When it comes to cupcakes, it’s simple to take the easy way out. Who hasn’t thought to themselves, “Why make cupcakes by hand when I can just pick up a pre-made batch at the super market?”
Interestingly enough, the most intimidating part of the process isn’t even making the cupcakes themselves — it’s icing them. With endless streams of perfectly-piped pastries on Instagram to judge our own handiwork by, it’s easy to become intimidated.
But what if we told you that learning how to pipe like a professional pastry chef is easier than you thought? That’s what Meghan McGarry, the owner of Buttercream Blondie who was trained at New York’s celebrated French Culinary Institute under the guidance of legendary Dean Jacques Torres, revealed to us when she stopped by Salon’s studio to spill her secrets for cupcake perfection.
Below are McGarry’s six tips to achieving piping greatness, every time.
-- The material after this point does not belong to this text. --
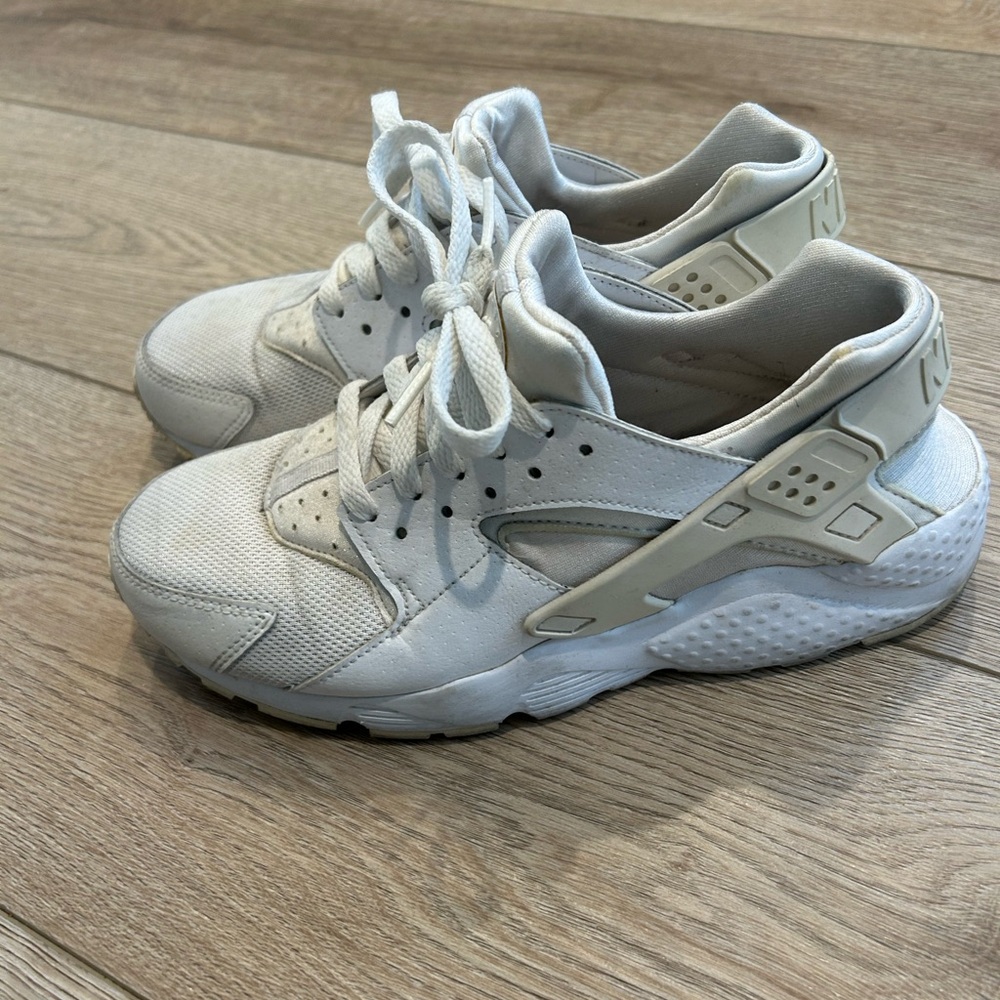 Nike White Athletic Shoes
Be sure to watch along with Salon’s handy how-to video as the pastry chef walks you through each step.
It all starts with buttercream
McGarry prefers to pair American buttercream with cupcakes, but you can pipe like a pro with any buttercream that you love. McGarry has even shared one of her recipes with us below.
Consistency is key
Don’t over-mix your buttercream. Mixing your frosting too much will cause air bubbles to form. Aim for a smooth consistency that is easy to pipe.
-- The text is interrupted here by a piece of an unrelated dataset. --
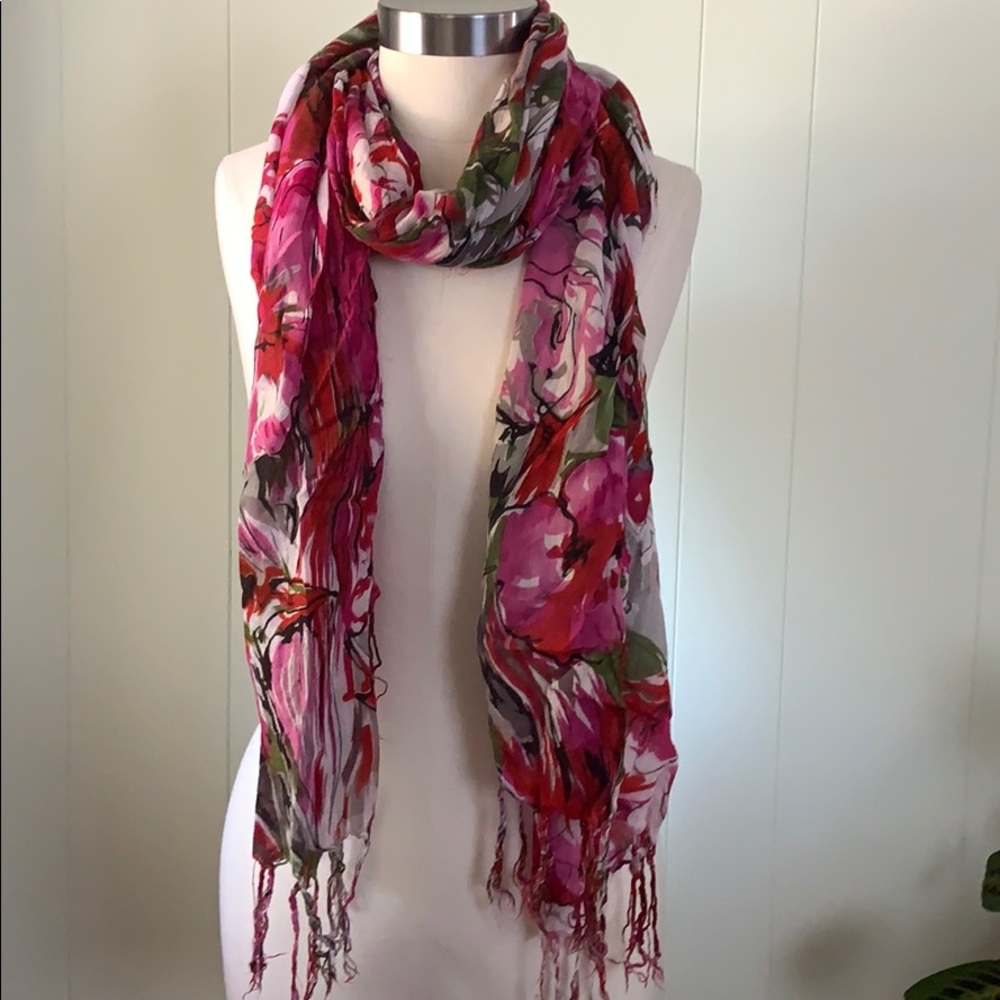 Women’s scarf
Skip trying to make a DIY piping bag and pick up a case of the real things. To create the perfect swirl for a cupcake, fit your piping bag with either a large star tip. (McGarry prefers an Ateco No. 825 or 826.) Next, fill your bag halfway with buttercream. Never over- or under-load it with frosting.
Outside-in wins the race
When you’re finally ready to pipe buttercream on top of your cupcakes, begin from the outside of the pastry. Apply gentle pressure to your piping bag, and move in a circular motion toward the center of the cupcake. When you reach the middle, immediately release the pressure.
Add a statement piece
What’s a cupcake without sprinkles — especially rainbow sprinkles, which are McGarry’s go-to choice? Don’t wait until it’s too late to sprinkle your desired mix on top of your buttercream, otherwise you may be in for an unpleasant surprise. American buttercream sets very quickly, and you want the sprinkles to be stuck on the surface of the icing, so add that pop of color before it hardens.
Don’t forget to have fun
The number one issue McGarry witnesses in beginners is self-doubt. First and foremost, baking should be fun. Don’t compare yourself to anyone else, Instagram included. Let it go, and start piping.
What are you waiting for? “Get practicing. Get a piping bag, it’s really going to be helpful. And don’t forget the sprinkles,” McGarry says.
- 7 ounces unsalted butter
- 8 ounces cream cheese
- 3 to 3 1/2 cups powdered sugar
- Pinch of salt
- 1.2 ounces freeze dried raspberries (Approximately 1 and 1/3 cups; I get them at Trader Joe’s.)
1. In the bowl of an electric mixer, cream butter and cream cheese on medium speed for about 5 minutes.
2. Start adding 3 cups of powdered sugar, 1/2 cup at a time so you don’t have a sugar shower, scraping down the bowl as needed.
3. Put freeze dried raspberries in a food processor and process until you have powder.